**MATERIAL FOR THE TASK:**
◇ ◇ ◇ ◇

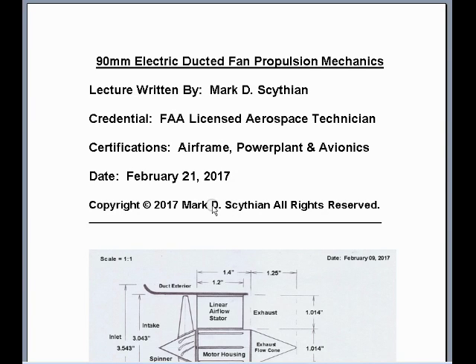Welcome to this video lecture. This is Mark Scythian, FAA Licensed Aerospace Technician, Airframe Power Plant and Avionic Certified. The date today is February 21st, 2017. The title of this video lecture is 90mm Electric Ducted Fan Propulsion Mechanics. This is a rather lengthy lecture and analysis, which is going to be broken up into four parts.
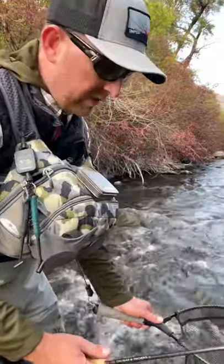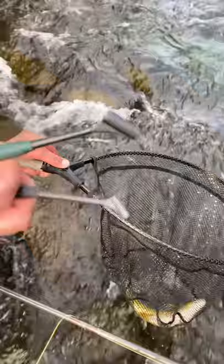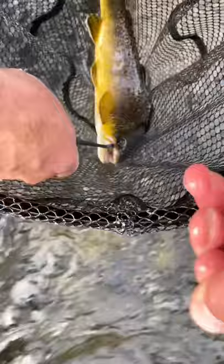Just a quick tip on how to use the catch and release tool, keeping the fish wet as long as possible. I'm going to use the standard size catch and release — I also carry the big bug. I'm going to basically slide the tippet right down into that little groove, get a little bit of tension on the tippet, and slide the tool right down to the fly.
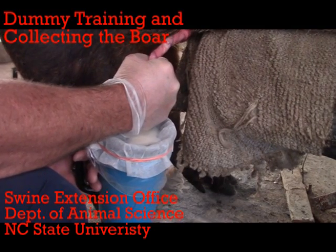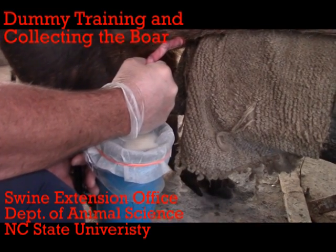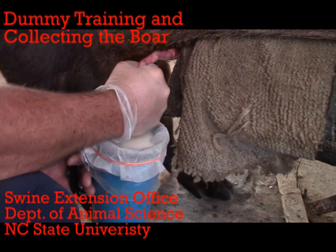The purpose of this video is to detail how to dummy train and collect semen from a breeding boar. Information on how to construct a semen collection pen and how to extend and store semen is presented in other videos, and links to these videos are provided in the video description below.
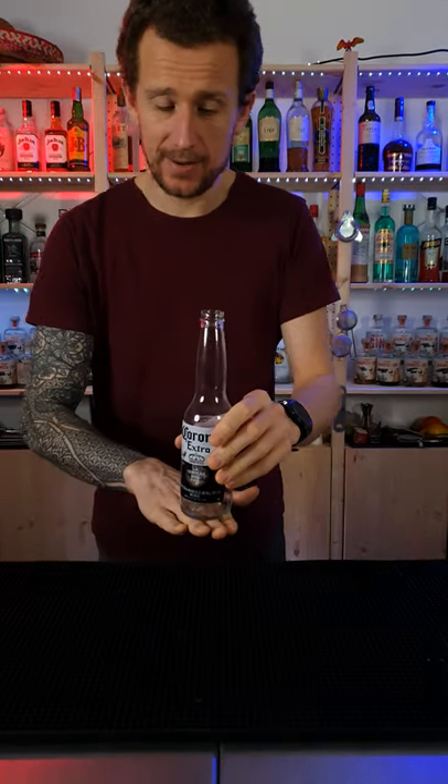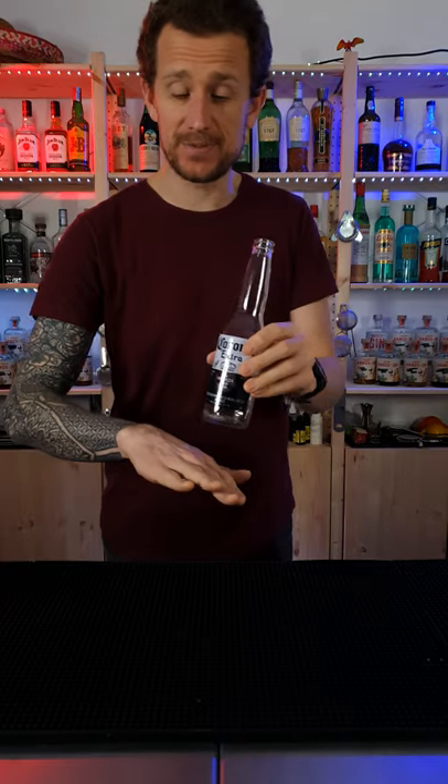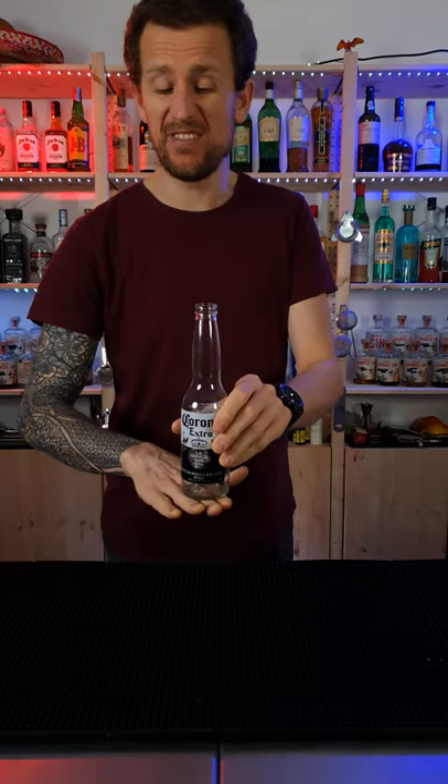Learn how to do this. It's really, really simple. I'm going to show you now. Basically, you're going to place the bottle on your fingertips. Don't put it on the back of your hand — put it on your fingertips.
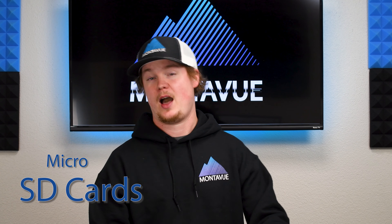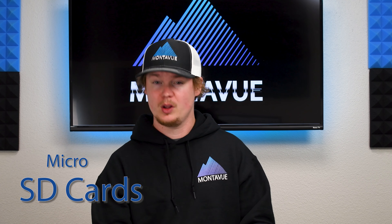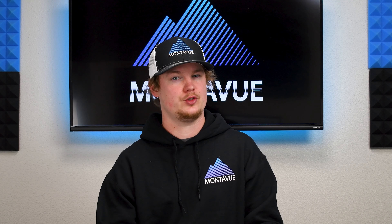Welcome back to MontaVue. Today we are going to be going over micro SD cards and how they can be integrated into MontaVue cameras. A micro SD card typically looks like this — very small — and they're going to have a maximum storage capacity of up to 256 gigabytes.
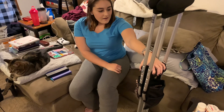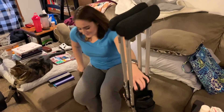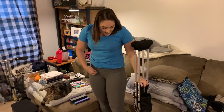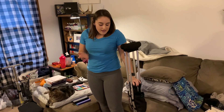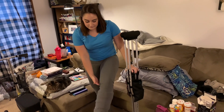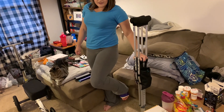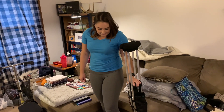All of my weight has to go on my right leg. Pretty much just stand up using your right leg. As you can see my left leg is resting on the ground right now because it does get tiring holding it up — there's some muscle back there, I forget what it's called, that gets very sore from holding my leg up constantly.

◇ ◇ ◇ ◇

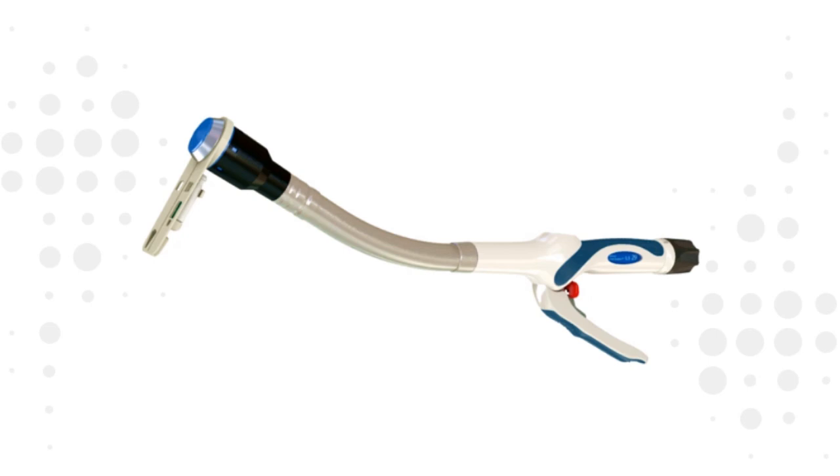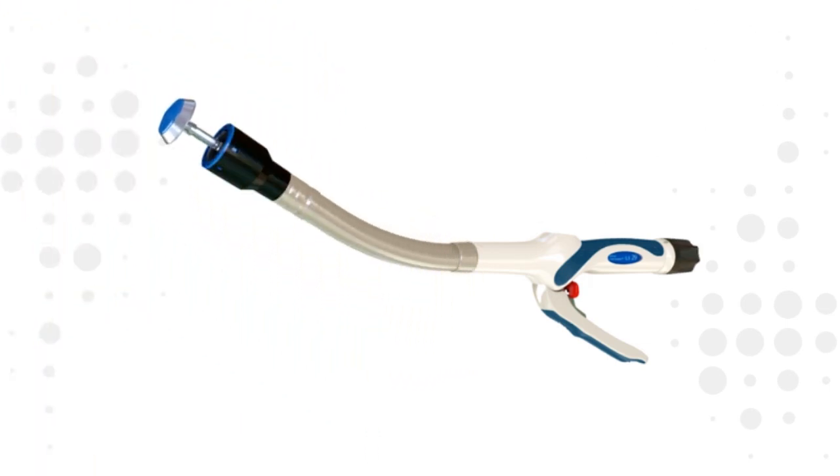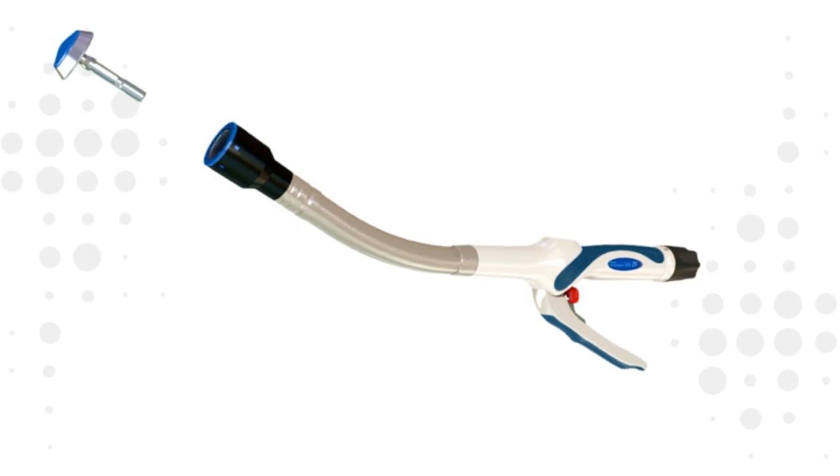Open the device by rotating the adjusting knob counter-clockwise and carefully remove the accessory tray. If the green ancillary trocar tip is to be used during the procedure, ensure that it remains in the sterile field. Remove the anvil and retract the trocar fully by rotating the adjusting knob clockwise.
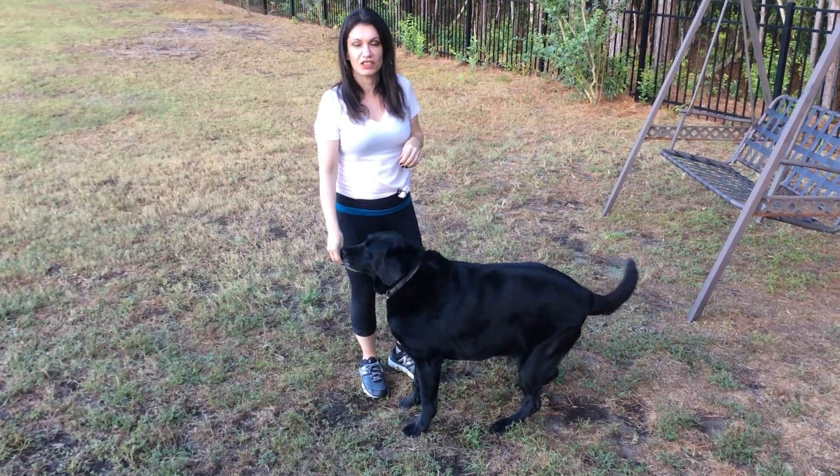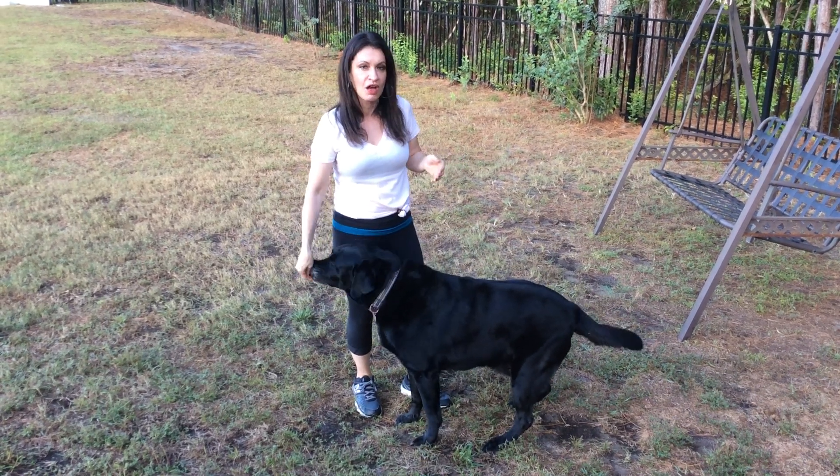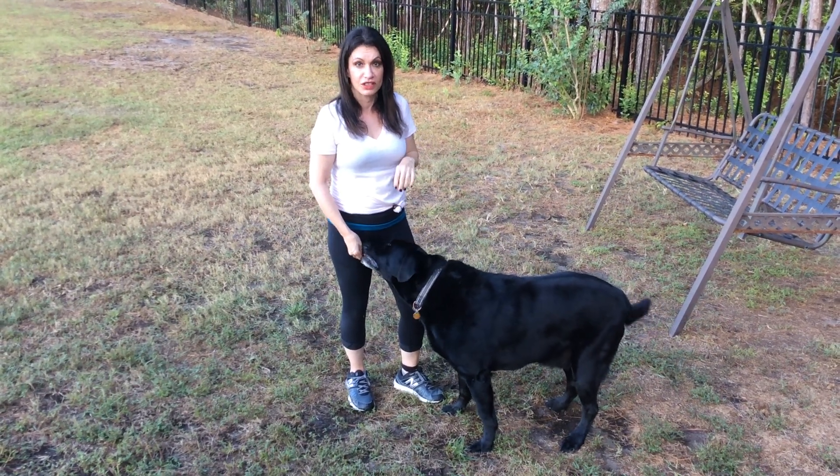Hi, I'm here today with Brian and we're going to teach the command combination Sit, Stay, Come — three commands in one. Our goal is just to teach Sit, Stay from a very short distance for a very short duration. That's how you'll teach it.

◇ ◇ ◇ ◇

**ACTIVITY:**
Take the material above from the line containing "Welcome to this" up to and including the line containing "All of my weight" and retype it exactly, without any pictures.

**TASK RESULT:**
Welcome to this video lecture. This is Mark Scythian, FAA Licensed Aerospace Technician, Airframe Power Plant and Avionic Certified. The date today is February 21st, 2017. The title of this video lecture is 90mm Electric Ducted Fan Propulsion Mechanics. This is a rather lengthy lecture and analysis, which is going to be broken up into four parts.
Just a quick tip on how to use the catch and release tool, keeping the fish wet as long as possible. I'm going to use the standard size catch and release — I also carry the big bug. I'm going to basically slide the tippet right down into that little groove, get a little bit of tension on the tippet, and slide the tool right down to the fly.
The purpose of this video is to detail how to dummy train and collect semen from a breeding boar. Information on how to construct a semen collection pen and how to extend and store semen is presented in other videos, and links to these videos are provided in the video description below.
Learn how to do this. It's really, really simple. I'm going to show you now. Basically, you're going to place the bottle on your fingertips. Don't put it on the back of your hand — put it on your fingertips.
Welcome back to MontaVue. Today we are going to be going over micro SD cards and how they can be integrated into MontaVue cameras. A micro SD card typically looks like this — very small — and they're going to have a maximum storage capacity of up to 256 gigabytes.
All of my weight has to go on my right leg. Pretty much just stand up using your right leg. As you can see my left leg is resting on the ground right now because it does get tiring holding it up — there's some muscle back there, I forget what it's called, that gets very sore from holding my leg up constantly.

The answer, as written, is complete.